# [Wireless] Dell 1510 / Broadcom BCM 204 6B2



## Nollo (Oct 18, 2010)

Hello,

Well I tried to configure my brand new Dell Vostro with FreeBSD but I'm stuck at the wifi configuration.

The card is a Dell 1510 based on Broadcom BCM 204, but I don't find any support. If someone has a solution, I'll be glad!


----------



## SirDice (Oct 18, 2010)

As far as I can tell Broadcom BCM204x chips are bluetooth, not Wifi.


----------



## Nollo (Oct 18, 2010)

Oh, it may explains why bluetooth icon is always on.

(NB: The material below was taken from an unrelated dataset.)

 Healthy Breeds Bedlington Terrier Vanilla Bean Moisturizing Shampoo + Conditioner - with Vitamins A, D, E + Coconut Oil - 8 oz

But I don't see anything else about the card. And I see BCM204 when I switch on/off the wifi button


----------



## Nollo (Oct 18, 2010)

It may be a bcm94312


----------



## Nollo (Oct 18, 2010)

Sorry for flooding, but I can't edit.

So I booted a Fedora livecd, and when I type lspci, I have "Network controller: Broadcom BCM 4313".


----------



## fronclynne (Oct 19, 2010)

bwn(4) then?


----------



## Nollo (Oct 19, 2010)

fronclynne said:
			
		

> bwn(4) then?



How do you use it ?

I also tried with ndis but it doesn't work ( module loaded but nothing in ifconfig ).

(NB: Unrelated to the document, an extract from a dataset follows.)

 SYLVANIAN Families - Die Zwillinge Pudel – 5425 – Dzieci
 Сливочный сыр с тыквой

There is linux driver but I think it doesn't work on BSD ? http://www.broadcom.com/support/802.11/linux_sta.php


----------



## SirDice (Oct 19, 2010)

Nollo said:
			
		

> How do you use it ?


Handbook: 31.3 Wireless Networking



> There is linux driver but I think it doesn't work on BSD ?


It won't work.


----------



## fronclynne (Oct 19, 2010)

*Assuming it works.*



			
				Nollo said:
			
		

> How do you use it ?



As SirDice linked, you would probably: 
`# kldload if_bwn`
edit up your wpa_supplicant.conf(5)
`# ifconfig wlan0 create wlandev bwn0`
and then work from there.

Though, [thread=2615]hrm[/thread] . . . I wonder how difficult it would be to use PCBSD's network manager.


----------



## Nollo (Oct 19, 2010)

`ifconfig wlan0 create wlandev bwn0` may explain why I cannot see any new interface lol.

Well... I have to try again, but I have now a working Fedora. Well it needs reflection.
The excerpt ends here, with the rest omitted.